Deseo de ser infierno. De: Zo Brinviyer.
Dirección: Antonio Laguna. Sala Valle Inclán. RESAD.
Desde los clásicos el teatro ha apelado a las formas poéticas para ser expresado y desde entonces ha existido el debate de si la puesta en escena es capaz o no de hacer justica a las palabras escritas.
Las nuevas
tendencias de dramaturgos egresados de la RESAD apuntan a un tipo de escritura
de alto contenido poético. Extraen personajes que habitan en la conciencia colectiva,
los desmiembran y crean situaciones ficticias ahondando en sus más profundas miserias.
Textos donde los personajes hablan mucho de sí mismos, de lo que les gusta de
lo que no, de sus deseos y frustraciones. Textos que no desean una interpretación
realista.
Zo Brinviyer
y su obra El deseo de ser infierno recicla a Billy the Kid y al entorno del western
para crear una trama intensa y ultra violenta.
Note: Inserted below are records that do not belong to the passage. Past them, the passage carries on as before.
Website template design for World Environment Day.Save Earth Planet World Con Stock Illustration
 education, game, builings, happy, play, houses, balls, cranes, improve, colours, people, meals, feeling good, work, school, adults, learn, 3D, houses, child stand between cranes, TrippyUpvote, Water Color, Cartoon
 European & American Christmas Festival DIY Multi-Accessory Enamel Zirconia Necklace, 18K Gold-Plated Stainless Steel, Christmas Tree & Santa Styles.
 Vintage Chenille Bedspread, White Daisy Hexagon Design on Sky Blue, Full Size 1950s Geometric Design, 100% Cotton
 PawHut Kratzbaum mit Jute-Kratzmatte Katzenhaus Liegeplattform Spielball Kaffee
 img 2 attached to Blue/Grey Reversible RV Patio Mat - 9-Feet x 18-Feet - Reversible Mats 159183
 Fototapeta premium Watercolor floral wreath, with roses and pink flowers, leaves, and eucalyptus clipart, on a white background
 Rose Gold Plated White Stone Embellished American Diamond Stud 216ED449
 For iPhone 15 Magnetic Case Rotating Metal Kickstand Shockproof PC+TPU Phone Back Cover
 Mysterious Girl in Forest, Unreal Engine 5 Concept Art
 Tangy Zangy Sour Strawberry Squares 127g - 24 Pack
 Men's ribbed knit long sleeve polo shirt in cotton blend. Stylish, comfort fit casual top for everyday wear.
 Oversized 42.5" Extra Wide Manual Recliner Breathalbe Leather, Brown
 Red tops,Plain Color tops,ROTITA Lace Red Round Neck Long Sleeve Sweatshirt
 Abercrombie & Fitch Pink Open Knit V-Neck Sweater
Desentierra el infierno personal
de los personajes y nos describe el horror con bellas construcciones
sintácticas. Sin embargo el horror es el horror y esa es la esencia que se desprende
de sus palabras en una suerte de árido y musical ensueño.
El texto
tiene fuerza, pero resulta por momentos ridiculizado debido a algunas interpretaciones
excesivamente afectadas. La emoción exacerbada va en detrimento del trabajo de unos
actores que se dejan la piel y la ropa, ya que pasan gran parte de la obra
desnudos. Una dirección equivocada, abocada una interpretación obvia, poco
apropiada. La conmoción melodramática de
la actuación redunda con la retórica de la palabra y ante tanta lágrima y
gemido dan ganas de cerrar los ojos para concentrarse sólo en el texto. Los
momentos más luminosos aparecen justamente cuando la actuación está desprovista
de afectación y se torna más sincera. Se limita a la acción explícita, a lo que
sucede. Entonces los hechos atraviesan al espectador y lo conmueven, pero a los
largo de más de dos horas de obra estos momentos se desvanecen.
La escena con
recursos simples se divide en tres planos. Un cambio de luz es suficiente para
pasar de un internado con cuatro reclusos menores de edad a un exterior donde
una mujer viril se desgarra a monólogos. En un plano meta teatral, un Billy músico,
mayor (tengamos en cuenta que Billy the
Kid murió a los 21 años) funciona como hilo conductor. Deambula por la
escena sin ser visto, siempre risueño y superior ante los deplorables estados
de ánimos de los demás. La música, que este espectro produce al piano es
enérgica y vital. Se contrapone a la pérdida de los vivos. Este contrapunto que
intenta aligerar la atmósfera se mantiene hasta el final de la obra. Esta finaliza
con unos saludos de pistoleros festivos, inversamente proporcional a los
aplausos leves de un público congelado por la ya conocida falta de calefacción
de la sala A.
A pesar de
ser un espectáculo plagado de supuesto dolor, trance no hubo, ritual tampoco. Hubo
un tiempo en el que la gente no sabía leer y el teatro era una fuente de transmisión
de cultura inigualable. Hubo un tiempo en que el teatro era arma de lucha,
denuncia, rebelión. Hubo un tiempo en que fue hermoso. Quizás es este un tiempo
de preguntarse para qué es este teatro. ¿Es teatro para ser leído?